Bell not only designs the rovers’ high-resolution cameras but also directs the downlink operation team based at ASU. The currently all-female team processes pixel data as they come down from Mars, creates beautiful panoramic mosaics using multiple photos and assesses the health of the cameras, among other things.
For about two and a half months after Perseverance landed, the operations team worked rotating shifts on "Mars time" (a Martian day — or sol — is 40 minutes longer than Earth's), says Samantha Jacob, who received her doctorate under Bell and served on the team. “That meant we sometimes started at 3 a.m. and ended when people came in for a normal workday,” she adds. “Definitely some fun nights and long hours.”
Collecting pieces of Mars
One day in the not so far-off future, the team hopes they’ll be looking at pieces of Mars through microscopes, to do the kinds of science that can only be done on Earth.
“Ever since I was a graduate student, there was always talk in the science community about bringing samples back from Mars, and it was always a decade into the future,” Jacob says. “Now, with Perseverance collecting these incredible rocks, there's actually impetus to get the samples to Earth in the near future.”

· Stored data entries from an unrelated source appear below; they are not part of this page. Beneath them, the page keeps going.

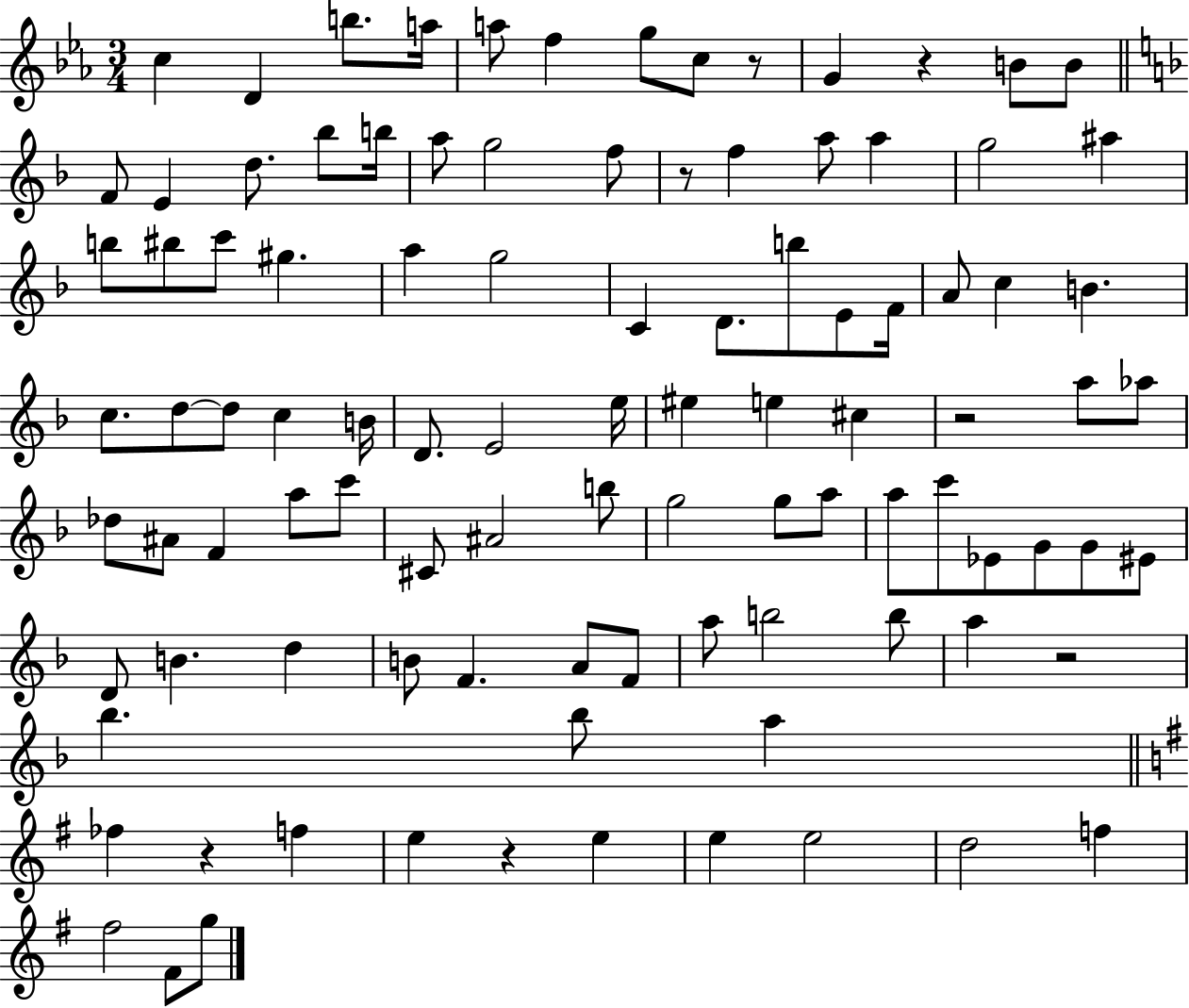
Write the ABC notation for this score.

X:1
T:Untitled
M:3/4
L:1/4
K:Eb
c D b/2 a/4 a/2 f g/2 c/2 z/2 G z B/2 B/2 F/2 E d/2 _b/2 b/4 a/2 g2 f/2 z/2 f a/2 a g2 ^a b/2 ^b/2 c'/2 ^g a g2 C D/2 b/2 E/2 F/4 A/2 c B c/2 d/2 d/2 c B/4 D/2 E2 e/4 ^e e ^c z2 a/2 _a/2 _d/2 ^A/2 F a/2 c'/2 ^C/2 ^A2 b/2 g2 g/2 a/2 a/2 c'/2 _E/2 G/2 G/2 ^E/2 D/2 B d B/2 F A/2 F/2 a/2 b2 b/2 a z2 _b _b/2 a _f z f e z e e e2 d2 f ^f2 ^F/2 g/2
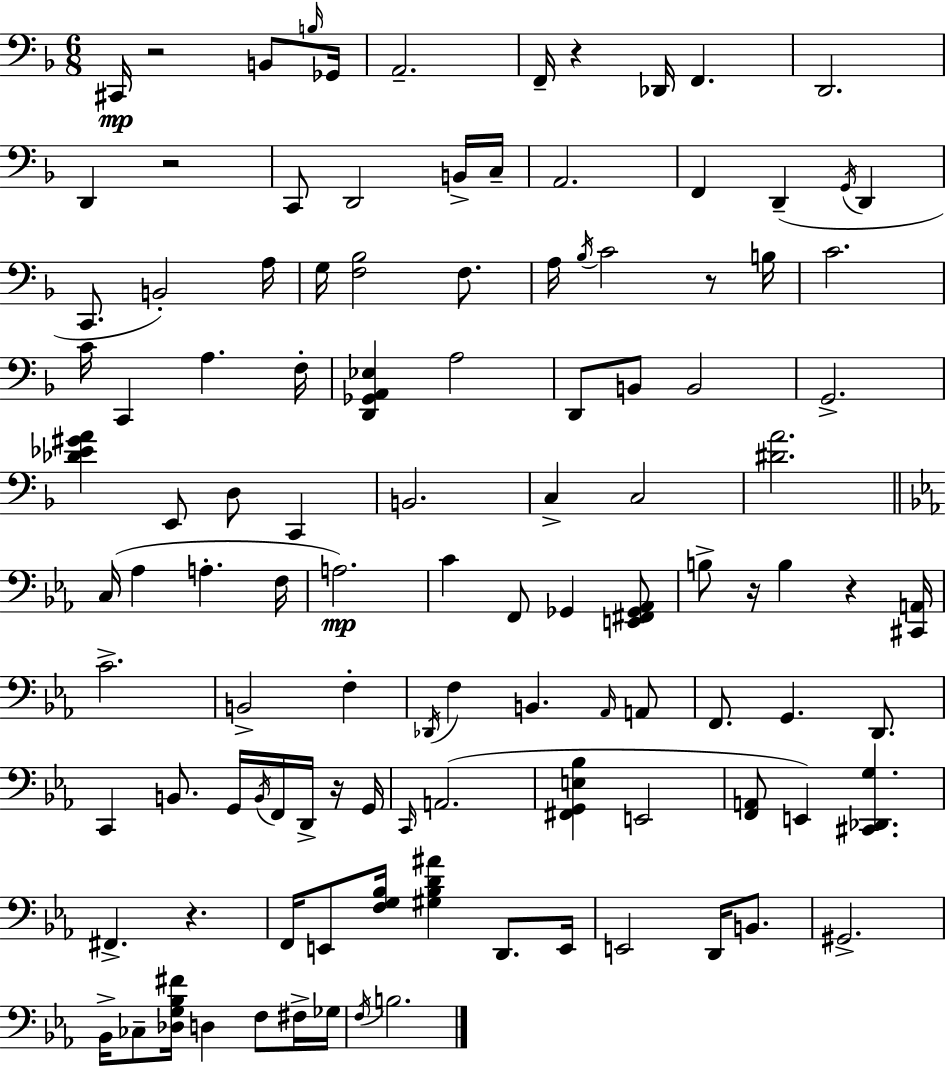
C#2/s R/h B2/e B3/s Gb2/s A2/h. F2/s R/q Db2/s F2/q. D2/h. D2/q R/h C2/e D2/h B2/s C3/s A2/h. F2/q D2/q G2/s D2/q C2/e. B2/h A3/s G3/s [F3,Bb3]/h F3/e. A3/s Bb3/s C4/h R/e B3/s C4/h. C4/s C2/q A3/q. F3/s [D2,Gb2,A2,Eb3]/q A3/h D2/e B2/e B2/h G2/h. [Db4,Eb4,G#4,A4]/q E2/e D3/e C2/q B2/h. C3/q C3/h [D#4,A4]/h. C3/s Ab3/q A3/q. F3/s A3/h. C4/q F2/e Gb2/q [E2,F#2,Gb2,Ab2]/e B3/e R/s B3/q R/q [C#2,A2]/s C4/h. B2/h F3/q Db2/s F3/q B2/q. Ab2/s A2/e F2/e. G2/q. D2/e. C2/q B2/e. G2/s B2/s F2/s D2/s R/s G2/s C2/s A2/h. [F#2,G2,E3,Bb3]/q E2/h [F2,A2]/e E2/q [C#2,Db2,G3]/q. F#2/q. R/q. F2/s E2/e [F3,G3,Bb3]/s [G#3,Bb3,D4,A#4]/q D2/e. E2/s E2/h D2/s B2/e. G#2/h. Bb2/s CES3/e [Db3,G3,Bb3,F#4]/s D3/q F3/e F#3/s Gb3/s F3/s B3/h.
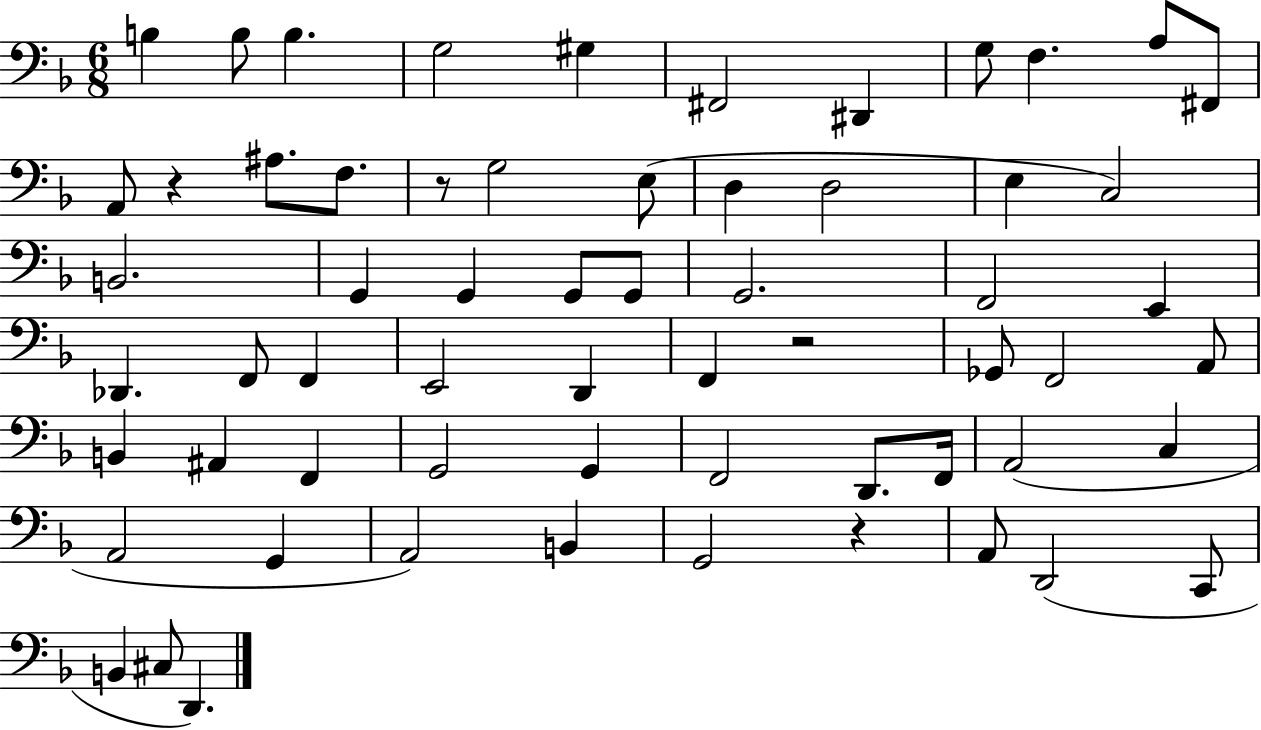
X:1
T:Untitled
M:6/8
L:1/4
K:F
B, B,/2 B, G,2 ^G, ^F,,2 ^D,, G,/2 F, A,/2 ^F,,/2 A,,/2 z ^A,/2 F,/2 z/2 G,2 E,/2 D, D,2 E, C,2 B,,2 G,, G,, G,,/2 G,,/2 G,,2 F,,2 E,, _D,, F,,/2 F,, E,,2 D,, F,, z2 _G,,/2 F,,2 A,,/2 B,, ^A,, F,, G,,2 G,, F,,2 D,,/2 F,,/4 A,,2 C, A,,2 G,, A,,2 B,, G,,2 z A,,/2 D,,2 C,,/2 B,, ^C,/2 D,,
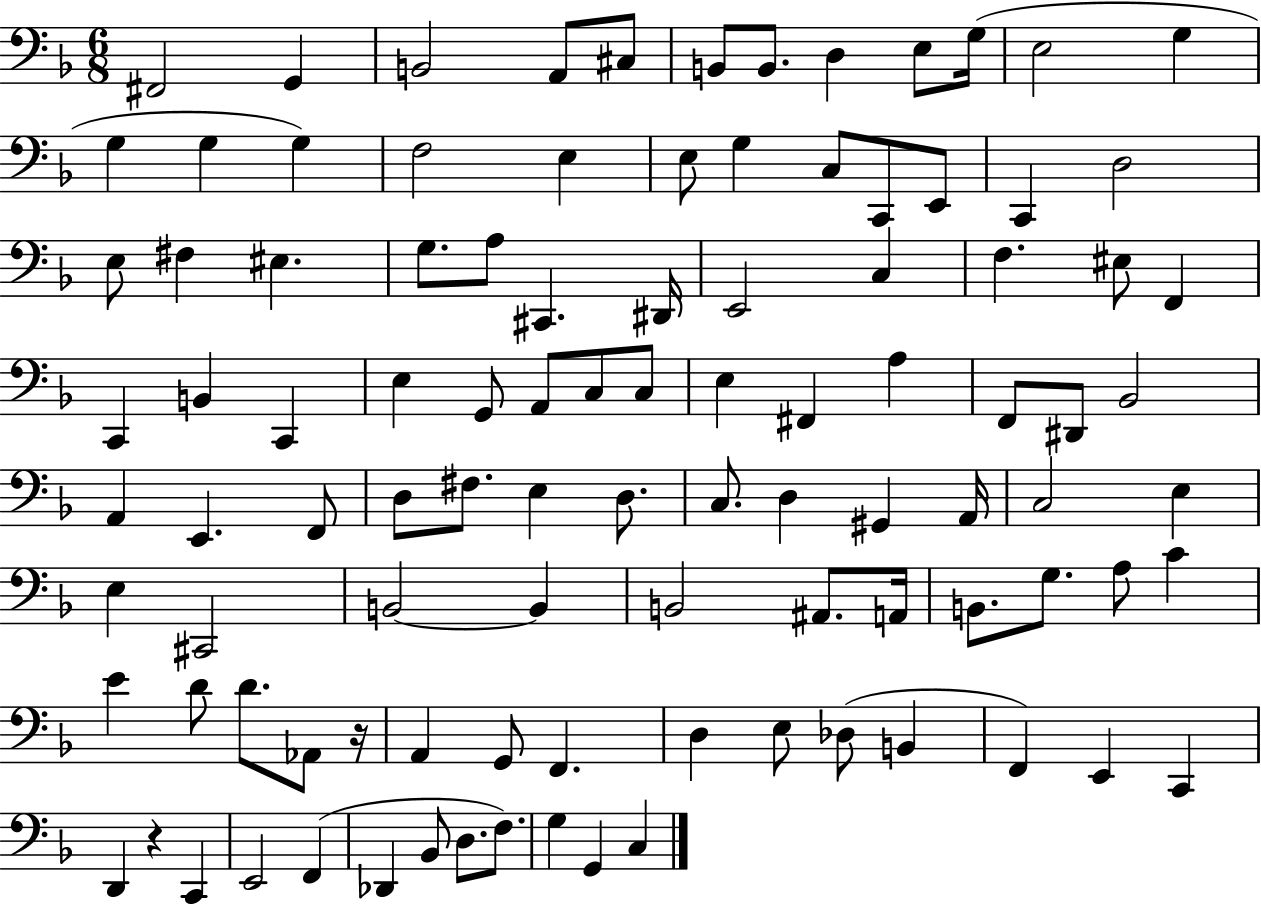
{
  \clef bass
  \numericTimeSignature
  \time 6/8
  \key f \major
  \repeat volta 2 { fis,2 g,4 | b,2 a,8 cis8 | b,8 b,8. d4 e8 g16( | e2 g4 | \break g4 g4 g4) | f2 e4 | e8 g4 c8 c,8 e,8 | c,4 d2 | \break e8 fis4 eis4. | g8. a8 cis,4. dis,16 | e,2 c4 | f4. eis8 f,4 | \break c,4 b,4 c,4 | e4 g,8 a,8 c8 c8 | e4 fis,4 a4 | f,8 dis,8 bes,2 | \break a,4 e,4. f,8 | d8 fis8. e4 d8. | c8. d4 gis,4 a,16 | c2 e4 | \break e4 cis,2 | b,2~~ b,4 | b,2 ais,8. a,16 | b,8. g8. a8 c'4 | \break e'4 d'8 d'8. aes,8 r16 | a,4 g,8 f,4. | d4 e8 des8( b,4 | f,4) e,4 c,4 | \break d,4 r4 c,4 | e,2 f,4( | des,4 bes,8 d8. f8.) | g4 g,4 c4 | \break } \bar "|."
}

During its first Martian year, Perseverance cached 10 sealed sample tubes, containing one each of the eight paired rock and regolith cores, as well as a tube containing Mars atmosphere and one tube containing a witness sample, at Three Forks Depot in Jezero Crater, a flat spot where a future spacecraft could land.
“If Perseverance has an issue and cannot deliver the samples that it is carrying on board, we can always go back to Three Forks Depot as a contingency and bring those samples back,” explains Wadhwa. “But the sample suite aboard Perseverance is the one that represents the most sample diversity to address our highest-priority science questions, and so remains of greatest interest for possible return to Earth.”
“The Apollo missions brought samples from the moon, and over the last 50 years, they've been analyzed by thousands of researchers worldwide,” says Wadhwa. “When Mars samples come to Earth from a world that has a potential for life, it’s going to be of interest to the broadest community that we can imagine: biologists, climate scientists, modelers, theorists, even philosophers and humanists.”
It’s an exciting time for scientists and science enthusiasts alike.
“We want to be some of the first teams in the world who are analyzing these rocks and soils brought back from Mars,” says Bell.
It is only through detailed analyses possible in state-of-the-art Earth-based laboratories, such as those at ASU, that scientists will be able to answer age-old questions about the nearest habitable world to Earth. The resulting discoveries could transform our understanding of the universe.